Estou de saco cheio da cidade. Os minutos que desperdiço pelas tardes de calor, cumprimentando amigos e cruzando esquinas, são atirados dentro do esgoto. E as pessoas os acompanham. Elas afundam no esgoto, mergulham nesse lamaçal de cumprimentos e sorrisos e esquinas, atrás dos seus preciosos e desperdiçados minutos.
Também estou de saco cheio de transitar pelas mesmas vitrines e semblantes e subitamente arranjar alguma coisa para fazer e depois olhar para o relógio central, esperando que os minutos passem e a noite tombe em Friburgo, destruindo o sol e a agonia. Mas a espera só me traz mais sorrisos, mais piadas sem graça e histórias inacabadas.
Sabe o que me deixa de saco cheio? São os sujeitos que me entregam panfletos quando estou cruzando uma calçada. Eles cercam as calçadas com suas muralhas humanas e vasculham a psique de cada transeunte, como verdadeiros magos. Estou lá, passando rente às vitrines, quando de repente me chega um desses sujeitos estendendo folhetos a respeito de todo tipo de assunto imaginável, sem nem ao menos me dar a oportunidade de recusar ou gritar ou sei lá o quê.
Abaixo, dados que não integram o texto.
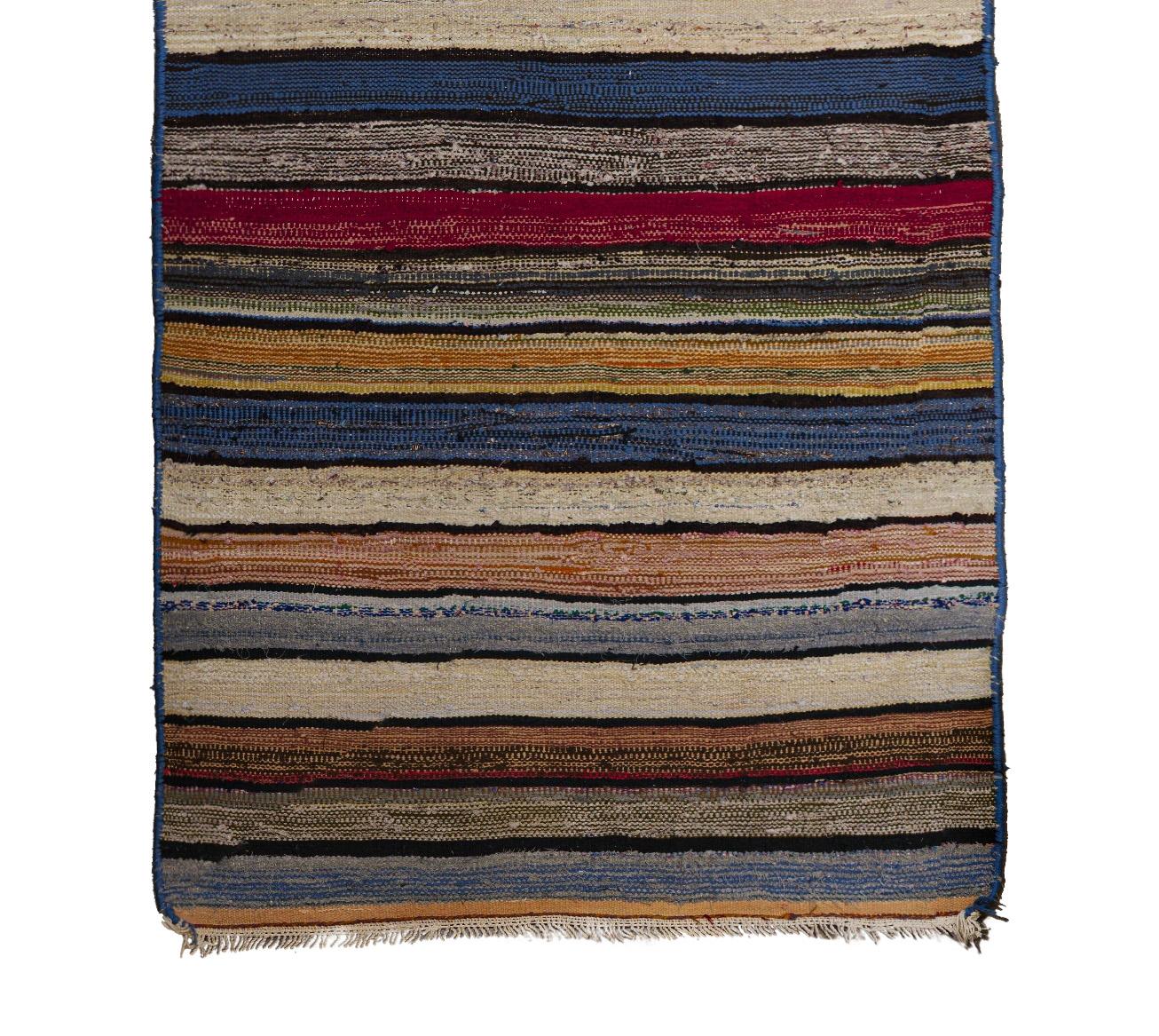 Bunt gestreifter Läufer Teppich 4 ft x 10 ft - (Handgewebt) im Angebot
Mas sabe o que me deixa mais fulo ainda? São os sujeitos que entregam panfletos para todas as pessoas que cruzam as calçadas e no exato momento em que estou passando não me entregam nada. Droga, se o cara está entregando seus malditos panfletos para todos os transeuntes, por que não entrega a mim quando passo? O que é? Não sou bom o bastante para os seus panfletos idiotas? Por acaso seus panfletos guardam algum tipo de informação secreta e valiosa que eu não possa ler, ao contrário do restante da população?
As vitrines que não refletem ninguém que eu queira encontrar; isso também me deixa de saco cheio.
Às vezes, tudo o que temos são tardes que enchem o saco e noites que enchem o saco. Às vezes não temos nada a falar para o mundo, exceto o nosso próprio asco. Às vezes a poesia acaba e não conseguimos encontrar os sentimentos, procuramos pelo amor, pelo ódio, pelo medo e pela fome, e não achamos nada. Às vezes tudo o que sentimos é uma tremenda indigestão. E então abrimos um folhetim qualquer e nos deparamos com algum poeta apaixonado ou outro idiota qualquer que queira nos vender um pouco da sua melodia cor-de-rosa em baratas prestações, talvez numa encadernação luxuosa da mais pura auto-ajuda. E só o que podemos fazer é sorrir com desprezo e ficar sem entender como é que alguém tão idiota, com um papo tão idiota, pode estar ali, na sua frente, numa folha de papel ou tela de televisão, tentando te enganar com um sorriso besta. Daí você olha para o lado de fora da janela e vê uma cidade cinzenta com pessoas tristes e derrotadas e de vozes mudas, e sente o cáustico saco cheio corroendo por dentro. E então dá um arroto e se arruma para ir trabalhar.
Dias assim, que te despejam decepção na cabeça, são mais comuns do que pensam os poetas. Dias assim me encontram na esquina, e te encontram na esquina, meu amigo, e encontram quase todo mundo na esquina. Não são os únicos dias que existem, mas sem dúvida são dias que existem.
Às vezes, a única poesia que você pode escrever é sobre o cara que dormiu debaixo do toldo, com a cara atolada no prato, é sobre a velha que espera o ônibus num beco desolado, é sobre o garoto solitário que volta pra casa a pé numa noite de sábado porque não passa ônibus de madrugada, é sobre as ruas molhadas brilhando com a chuva que inundou a cidade de lama, é sobre a janela aberta de manhã, sem horizontes, sem prédios ou gente, é sobre o saco cheio.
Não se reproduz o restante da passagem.